Assignment ▸
In the listing below, the lines from the first through the one with "做蛋糕的培训机构哪家好一点" are to be copied word for word.

Provided information ▸
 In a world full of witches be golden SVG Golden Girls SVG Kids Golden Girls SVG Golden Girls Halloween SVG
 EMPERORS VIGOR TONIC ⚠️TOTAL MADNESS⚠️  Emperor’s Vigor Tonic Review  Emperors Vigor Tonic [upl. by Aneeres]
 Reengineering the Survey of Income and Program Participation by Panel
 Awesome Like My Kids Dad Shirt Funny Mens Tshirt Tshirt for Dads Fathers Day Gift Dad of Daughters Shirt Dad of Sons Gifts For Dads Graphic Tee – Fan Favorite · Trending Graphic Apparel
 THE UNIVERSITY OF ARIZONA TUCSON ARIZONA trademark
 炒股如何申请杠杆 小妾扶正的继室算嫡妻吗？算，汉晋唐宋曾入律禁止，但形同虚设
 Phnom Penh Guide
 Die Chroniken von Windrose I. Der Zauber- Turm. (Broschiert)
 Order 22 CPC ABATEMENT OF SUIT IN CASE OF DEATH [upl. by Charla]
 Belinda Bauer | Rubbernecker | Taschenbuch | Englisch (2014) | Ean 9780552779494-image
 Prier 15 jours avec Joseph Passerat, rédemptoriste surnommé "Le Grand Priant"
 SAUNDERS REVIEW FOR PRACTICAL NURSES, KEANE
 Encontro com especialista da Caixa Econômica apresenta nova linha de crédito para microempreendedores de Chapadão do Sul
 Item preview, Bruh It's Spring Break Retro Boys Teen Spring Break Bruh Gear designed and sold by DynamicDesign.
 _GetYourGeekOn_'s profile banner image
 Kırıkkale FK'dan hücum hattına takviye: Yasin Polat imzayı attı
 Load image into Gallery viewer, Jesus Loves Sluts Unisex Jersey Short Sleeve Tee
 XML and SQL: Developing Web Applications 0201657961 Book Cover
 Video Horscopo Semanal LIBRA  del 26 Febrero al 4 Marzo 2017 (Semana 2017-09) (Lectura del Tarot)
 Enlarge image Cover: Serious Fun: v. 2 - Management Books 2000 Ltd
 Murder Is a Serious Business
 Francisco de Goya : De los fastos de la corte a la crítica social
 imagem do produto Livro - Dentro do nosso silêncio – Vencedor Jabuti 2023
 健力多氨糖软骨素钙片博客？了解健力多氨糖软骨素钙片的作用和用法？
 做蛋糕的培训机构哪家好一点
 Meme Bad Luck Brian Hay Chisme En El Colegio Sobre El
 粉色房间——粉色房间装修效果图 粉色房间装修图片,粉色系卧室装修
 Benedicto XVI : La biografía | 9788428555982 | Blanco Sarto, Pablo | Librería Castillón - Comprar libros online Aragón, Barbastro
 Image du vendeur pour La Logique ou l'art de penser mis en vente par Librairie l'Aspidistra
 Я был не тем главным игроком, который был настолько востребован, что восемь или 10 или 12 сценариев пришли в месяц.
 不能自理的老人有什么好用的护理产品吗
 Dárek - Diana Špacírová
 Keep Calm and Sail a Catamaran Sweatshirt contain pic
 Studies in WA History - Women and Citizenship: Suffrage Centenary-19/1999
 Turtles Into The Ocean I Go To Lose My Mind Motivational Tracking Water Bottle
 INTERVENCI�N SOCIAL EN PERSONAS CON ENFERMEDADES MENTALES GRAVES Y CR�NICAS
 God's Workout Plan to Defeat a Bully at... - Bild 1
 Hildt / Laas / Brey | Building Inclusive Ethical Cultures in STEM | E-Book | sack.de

Answer section ▸
 In a world full of witches be golden SVG Golden Girls SVG Kids Golden Girls SVG Golden Girls Halloween SVG
 EMPERORS VIGOR TONIC ⚠️TOTAL MADNESS⚠️  Emperor’s Vigor Tonic Review  Emperors Vigor Tonic [upl. by Aneeres]
 Reengineering the Survey of Income and Program Participation by Panel
 Awesome Like My Kids Dad Shirt Funny Mens Tshirt Tshirt for Dads Fathers Day Gift Dad of Daughters Shirt Dad of Sons Gifts For Dads Graphic Tee – Fan Favorite · Trending Graphic Apparel
 THE UNIVERSITY OF ARIZONA TUCSON ARIZONA trademark
 炒股如何申请杠杆 小妾扶正的继室算嫡妻吗？算，汉晋唐宋曾入律禁止，但形同虚设
 Phnom Penh Guide
 Die Chroniken von Windrose I. Der Zauber- Turm. (Broschiert)
 Order 22 CPC ABATEMENT OF SUIT IN CASE OF DEATH [upl. by Charla]
 Belinda Bauer | Rubbernecker | Taschenbuch | Englisch (2014) | Ean 9780552779494-image
 Prier 15 jours avec Joseph Passerat, rédemptoriste surnommé "Le Grand Priant"
 SAUNDERS REVIEW FOR PRACTICAL NURSES, KEANE
 Encontro com especialista da Caixa Econômica apresenta nova linha de crédito para microempreendedores de Chapadão do Sul
 Item preview, Bruh It's Spring Break Retro Boys Teen Spring Break Bruh Gear designed and sold by DynamicDesign.
 _GetYourGeekOn_'s profile banner image
 Kırıkkale FK'dan hücum hattına takviye: Yasin Polat imzayı attı
 Load image into Gallery viewer, Jesus Loves Sluts Unisex Jersey Short Sleeve Tee
 XML and SQL: Developing Web Applications 0201657961 Book Cover
 Video Horscopo Semanal LIBRA  del 26 Febrero al 4 Marzo 2017 (Semana 2017-09) (Lectura del Tarot)
 Enlarge image Cover: Serious Fun: v. 2 - Management Books 2000 Ltd
 Murder Is a Serious Business
 Francisco de Goya : De los fastos de la corte a la crítica social
 imagem do produto Livro - Dentro do nosso silêncio – Vencedor Jabuti 2023
 健力多氨糖软骨素钙片博客？了解健力多氨糖软骨素钙片的作用和用法？
 做蛋糕的培训机构哪家好一点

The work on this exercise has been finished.